# displacement on demand LS2???????????



## flht3 (Nov 16, 2004)

the new ls 2 has relocated sencers to accomadate the new displacement on demand system, the 05 LS2 doesnt use this system yet, but i would bet as the factory hp numbers go up on the ls2 the displacement on demand will be put into production. [remember the cadilac tryed this and it was a disaster :shutme ] any thoughts????? ho, one other observation, why not put the VERY ANNOYING skip shift on a fuse? so we can just pull the dam thing out,i have the 04 gto and havent put the skip shift eliminator on yet but i am sure its harder than pulling a fuse.


----------



## GTO TOO (Sep 10, 2004)

FLHT3,
The old Caddy 8-6-4 ?? oops. Is a totally different system than the new displacement on demand. ECM ( computer size ) has increased exponetialy as has the technology to shut off the cyclinders.( hydralic/mechanical camshaft and valve actuation ) The new 300C and Magnum have a version of displacement on demand coming out in 05. Many more will have it soon. It will be much better than the old system. Times change and technology moves forward.


----------



## Groucho (Sep 11, 2004)

This is a cross-post, but what the hell.

The Chrysler 300C's 5.7L Hemi has this technology (they call it "MDS" for Multi-Displacement System) hidden under that brutally fugly sheetmetal.

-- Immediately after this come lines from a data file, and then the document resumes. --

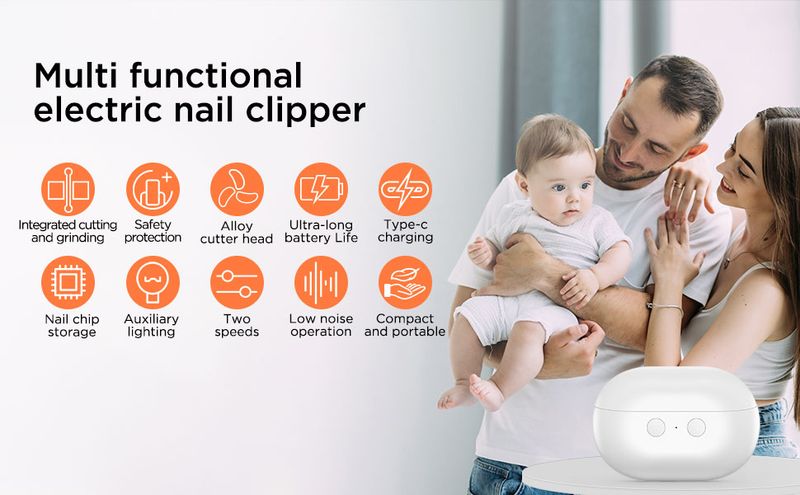 2025 3-in-1 Baby-Nagelpflege - Kürzen/Polieren mit LED_voghion.com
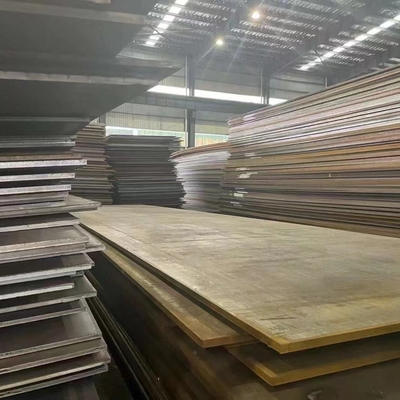 Astm A283 Grau C Folha de aço carbono laminada a quente Placa de metal Superfície lisa 8.0*2000*6000mm Com Mtc En 10204 Tipo 3.1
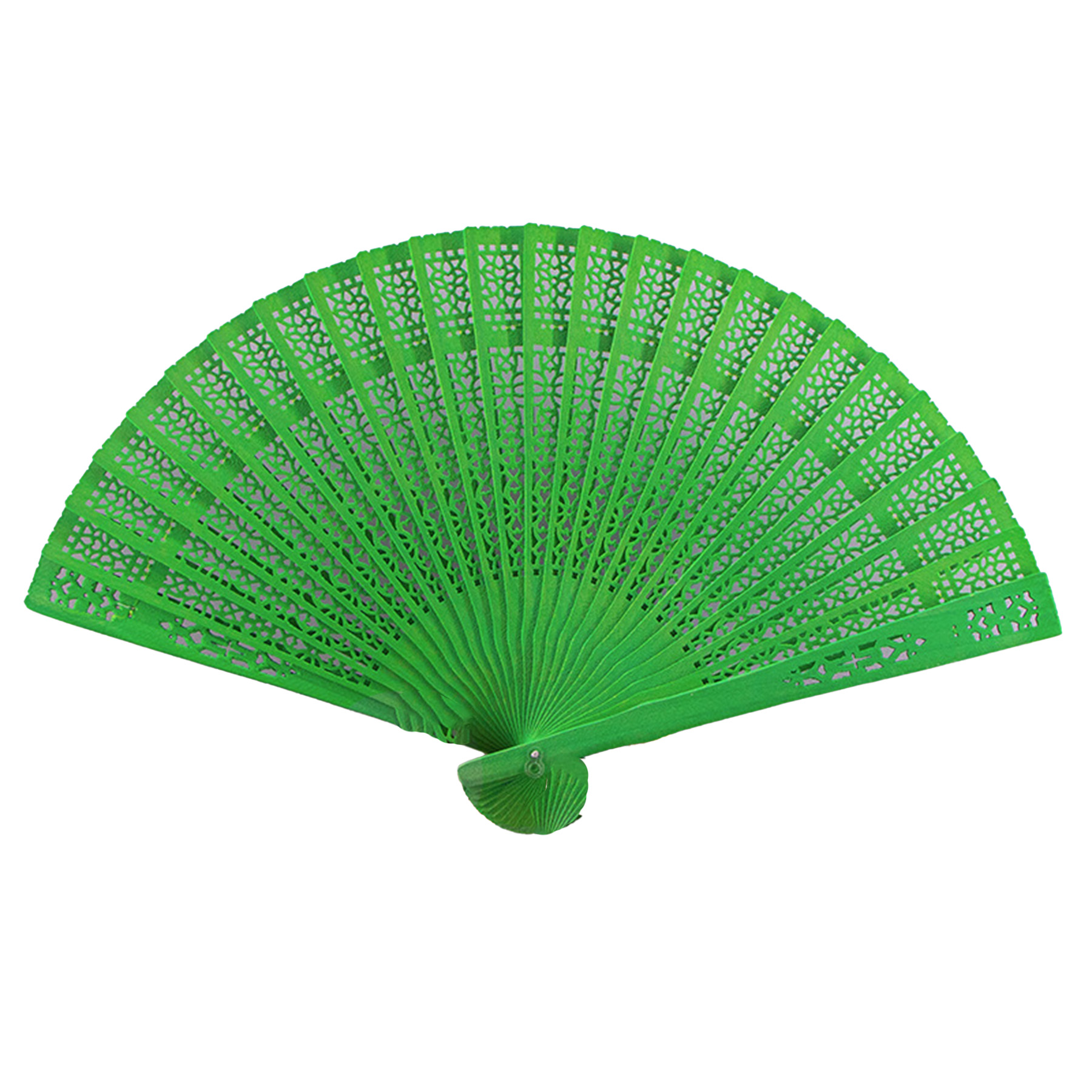 Carved Wooden Folding Fan 3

> The 5.7L HEMI® Multi-Displacement System (MDS) V8 engine with 340 horsepower at 5,000 rpm and 390 lb-ft of torque is standard on 300C, making it the most powerful sedan in its class.* The MDS system allows the engine to operate on four cylinders when power demands are minimal for an up to 20-percent increase in fuel efficiency. This provides the power of a V8 with the economy of a large V6. (EPA estimated mpg: 17 city/ 25 highway)


Those mileage numbers are about what I get in GTO, so it sound like needless complexity to me...unless the fuel efficiency of the Hemi is really that bad.

http://www.chrysler.com/300/features/performance/index.html

BTW the infuriating CAGS or"skip-shift" can be bypassed with a simple inline fix: http://www.pfyc.com/store/merchant....=VT6001&Product_Count=2&Category_Code=GTOTHER


----------



## Xman (Oct 31, 2004)

People get frustrated with the CAGS device but it contributes to GM meet meeting theri corporate fuel economy mandate and let's us buy these vehicles without paying a $1000 gas guzzlier tax on the 6-speed manual transmissions models. It is a snap to change it out. You can get a CAGS eliminator for $15 at 

http://www.pfyc.com

It is a snap to install it. Jack up the drivers front wheel. Insert a jackstand to secure the vehicle, slide under and on the drivers side of the transmission, on top, is a white male connector. unplug it, insert into the CAGS eliminator, plastic tie it to the tranny, snap in the solinoid cap replacement, and enjoy. Make sure the exhaust is cool before you do this.


----------